REQUIREMENT: All pictures are to be omitted while the lines starting at the line with "Lityum-ve-psoriasis.jpg" and ending at the line with "anterior splint orthotic for teeth" in the material below are retyped exactly, both ends included.

INPUT:

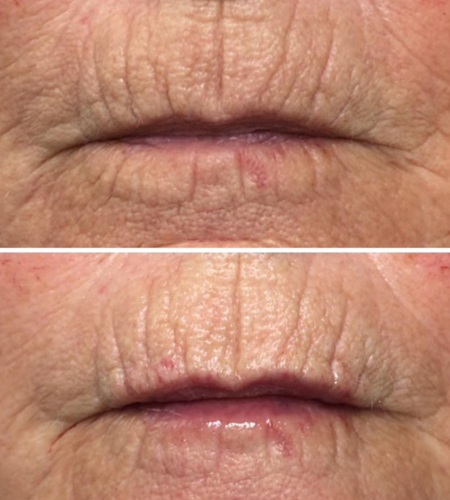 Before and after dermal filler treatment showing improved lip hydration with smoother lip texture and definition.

* * *

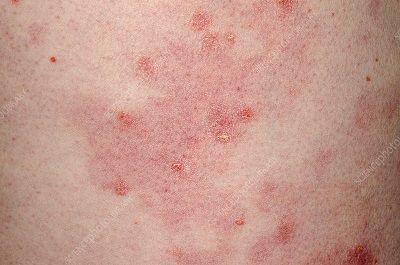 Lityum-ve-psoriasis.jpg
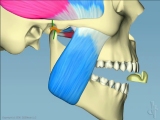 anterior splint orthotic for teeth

TASK RESULT:
 Lityum-ve-psoriasis.jpg
 anterior splint orthotic for teeth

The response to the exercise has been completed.